I completely agree with Dr Tanya’s views and approach. Just to give a bit of perspective from a social psychologist’s position, the problem about us not being visible isn’t through want of trying. I’d love to do more television work, and I’m offered stacks, but all I’m mostly asked is to commentate, judge, ridicule, or criticise. I’m rarely offered programmes that would allow me to use any evidence, theories or critical reflection. I know many of my peers have had the same experience. That’s the reason why those who seem like psychologists but aren’t can get away with it. They either falsely claim a title of ‘psychologist’ when they’re not qualified, or they occupy a space saying what truly ethical and qualified practitioners will not. The result is those people continued to be used whilst all of the eager, qualified psychologists are left out in the cold.

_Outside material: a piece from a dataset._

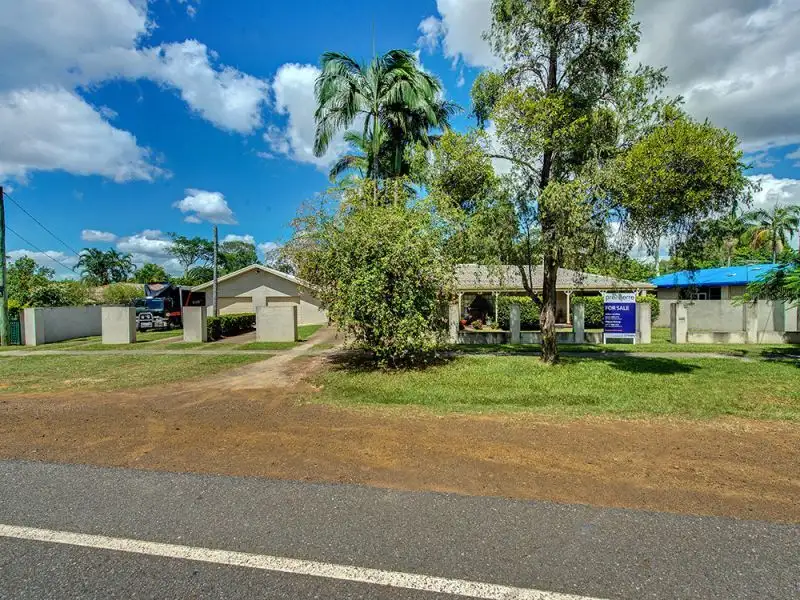 Main view of Homely house listing, 182 Brisbane Terrace, Goodna QLD 4300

Anyway, back to Dr Tanya who continued to say….
You know, medics have got it all sewn up. You wouldn’t have anything on TV that is ‘What’s my disease?’, where you have a panel of lay people saying ‘Actually I had a pain there…why don’t we cut you open and see if it’s appendicitis?’ But you have endless programmes with people who are deeply unqualified, apart from the fact that the media knows they’ve had a very difficult life that they’ve come through, giving advice to incredibly vulnerable people who are absolute fodder for these kind of programmes. You can find out whether your child’s father is who you think it is because they’ve swabbed his cheek and he’s opening an envelope in the studio…that blows my mind.

Thank goodness for people like Dr Tanya who’re respected media figures and who’re prepared to go on record and explain their reservations about the current use of ‘psychology’ in the media.

There are actually a lot of professionals in the social and health areas out there who feel the same. Some respond by simply cutting off any links with the media, refusing to get involved in what they see as ‘bad science/practice’. Others do try and get involved but give up after finding the pressures of actively engaging with the media both exhausting, depressing and time consuming. Still more do really try and challenge things. I know of researchers and practitioners from a variety of psychological perspectives who are trying to challenge how the media works and enable journalists and television researchers to work more accurately and effectively.

However Dr Tanya’s interview has got me thinking that there’s still more to do. Let’s hope that because she’s got a high media profile and is respected by viewers and her peer group, that those in the media may also listen to what she has to say.